One such incursion, in January of this year, led to a standoff between Texas sheriff's deputies and men dressed as Mexican military personnel. The deputies said the Mexicans, either regular army or disguised as soldiers, were running drugs into the United States.
The president has rarely addressed any of the border violence or incursion issues publicly. Homeland Security Secretary Michael Chertoff has stated the incursions usually are accidents.
The administration's apparent lack of concern is putting border states and the nation at risk, lawmen there say.
"I just don't get why the administration doesn't see it," said Sheriff Arvin West of Hudspeth County, Texas. "It's like talking to a brick wall."
While publicly downplaying the incidents with Mexico, administration officials make a point of reiterating the cooperative efforts of both nations to regulate the border. Department of Homeland Security and White House representatives routinely describe the two countries as good partners and good friends on everything from trade to international security.
But that cooperation has taken some questionable forms, as U.S. officials often go beyond what's legally required to get along with Mexico.
As first reported earlier this month by The Sun and Daily Bulletin, Border Patrol officials work closely with Mexican consulates, sharing information about civilian patrol groups to allay Mexico's fears about "vigilante" groups violating the rights of illegal immigrants.
The newspaper's report resulted in a call last week by 21 members of Congress for a Government Accountability Office investigation into Homeland Security's border dealings with the Mexican Foreign Consulate.
The Bush effect
Immigration as a hot-button issue has extended far beyond the border itself, however, and has worked its way into America's heartland and to the corners of the nation.
From the agricultural fields and service sectors of Central and Southern California, to the factories and restaurants of the Midwest and Southeast, the issue resonates with the throngs of immigrants who have come to the United States illegally to, in President Bush's words, "do the jobs Americans won't do."
Millions of those people, and millions of their supporters, took to the nation's streets in March and April, protesting the House's immigration bill, advocating amnesty and generally insisting that the U.S. grant "rights" to illegal immigrants.
The marches themselves resonated with an altogether different group - the growing majority of Americans who believe illegal immigration is out of control, border security is inadequate, and that those who took to the streets have no standing to demand "rights" of any kind.

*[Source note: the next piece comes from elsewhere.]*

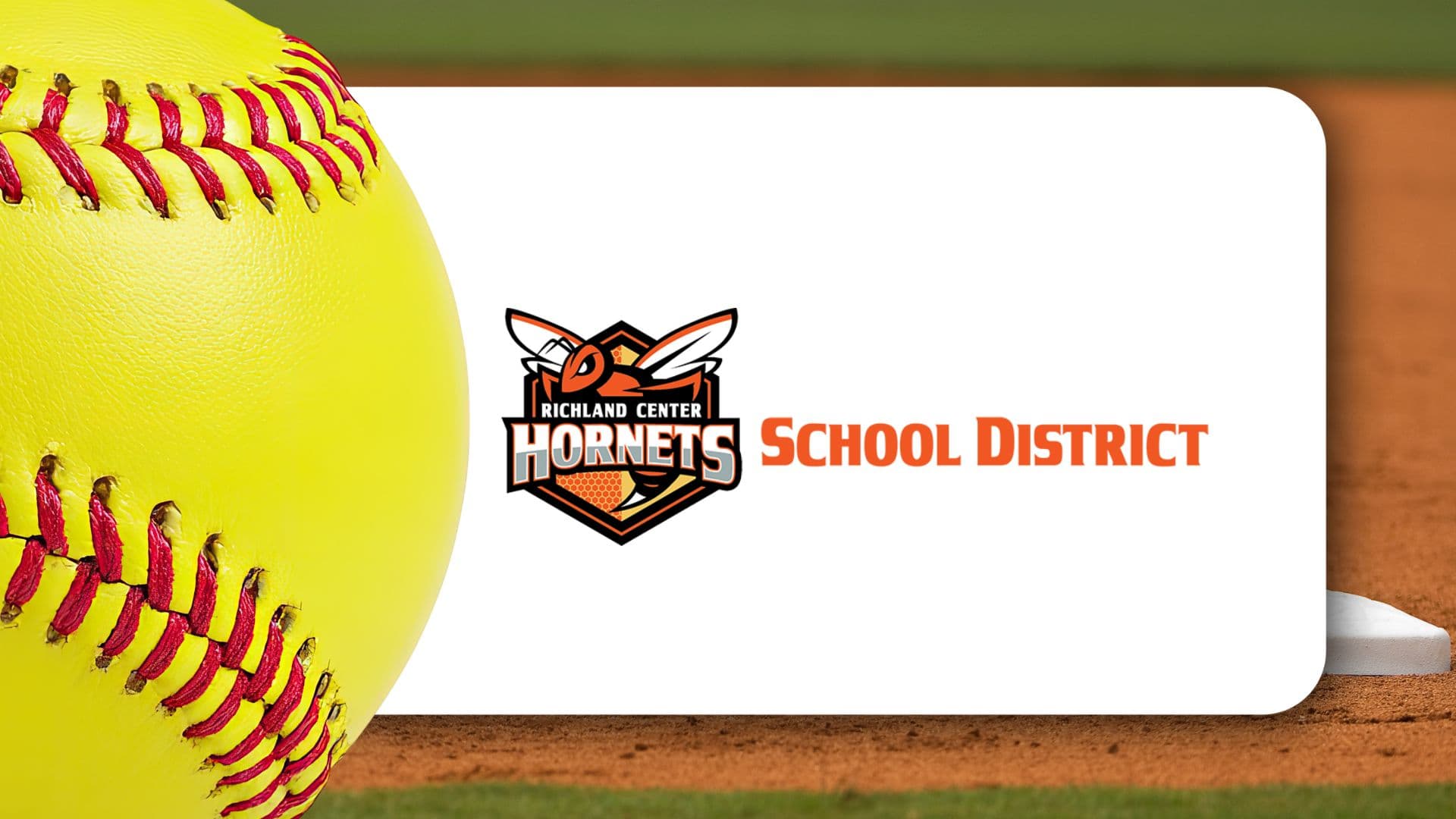 RC softball picks up 8-2 win over RV Tuesday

Although rarely commenting directly about the immigration rallies and their backlash, President Bush lobbied forcefully for the Senate's immigration legislation, which is much more favorable to illegal immigrants than the House proposal.
His influence trickled all the way down to the public-relations level, with the Mexican government contracting earlier this year with Allyn & Co., a PR firm based in Dallas, to launch an ad campaign aimed at improving the image of border crossers and advocating a guest-worker program.

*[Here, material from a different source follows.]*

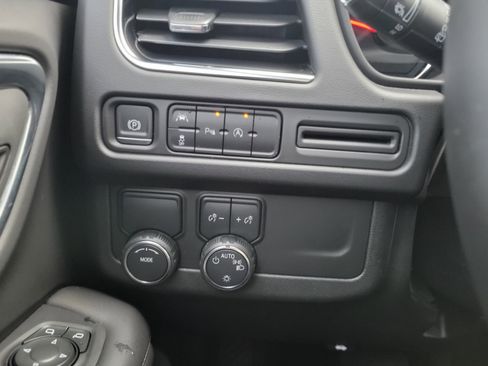 Certified 2024 Chevrolet Tahoe LS RWD image 17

The public-relations firm was the same one used by Bush during his presidential campaigns and when he ran for governor of Texas.
'Turning off the magnet'
When they get to the United States, illegal immigrants are rarely deterred from finding jobs, and those who hire them don't get in much trouble for doing so.

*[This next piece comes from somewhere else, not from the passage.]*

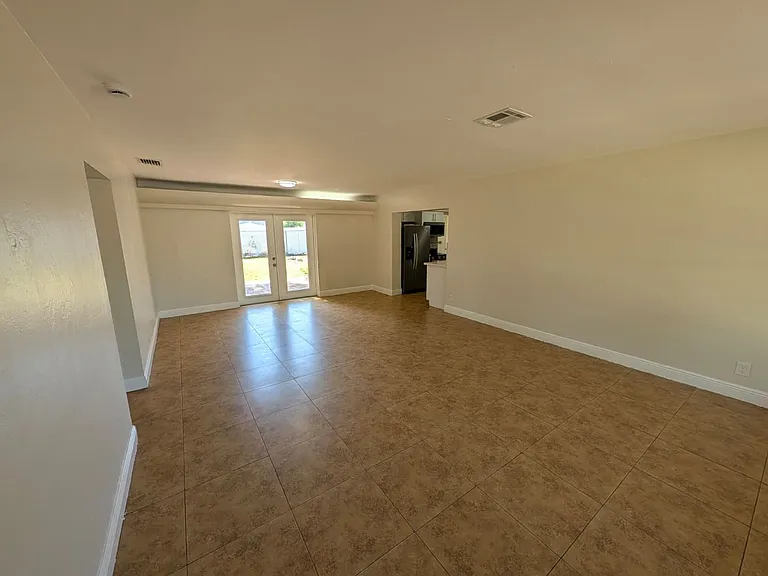 180 Penn Way — Photo 4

Employer penalties for hiring illegal immigrants, which numbered in the hundreds per year in the 1990s - only a tiny fraction of the nation's businesses to begin with - have nevertheless dwindled in the 21st century, with only a handful of employers nationwide fined for illegal hiring in 2005, according to U.S Immigration and Customs Enforcement.
Dean Boyd, an ICE spokesman, said fines against employers hadn't deterred the hiring of illegal immigrants and that the agency had deliberately abandoned that approach in favor of pursuing criminal penalties against employers.
But the new strategy netted just 127 convictions in 2005 and 2,000 arrests so far this year - a drop in the bucket to the nation's estimated 8 million businesses.
The dearth of employment enforcement is frustrating to immigration observers, many of whom strongly contend that employers - and the government that regulates them - hold the key to ending illegal immigration.
"The first thing that should be done is turning off the magnet of jobs," said the Center for Immigration Studies' Krikorian, but "I believe the administration's philosophy is that there is not a problem."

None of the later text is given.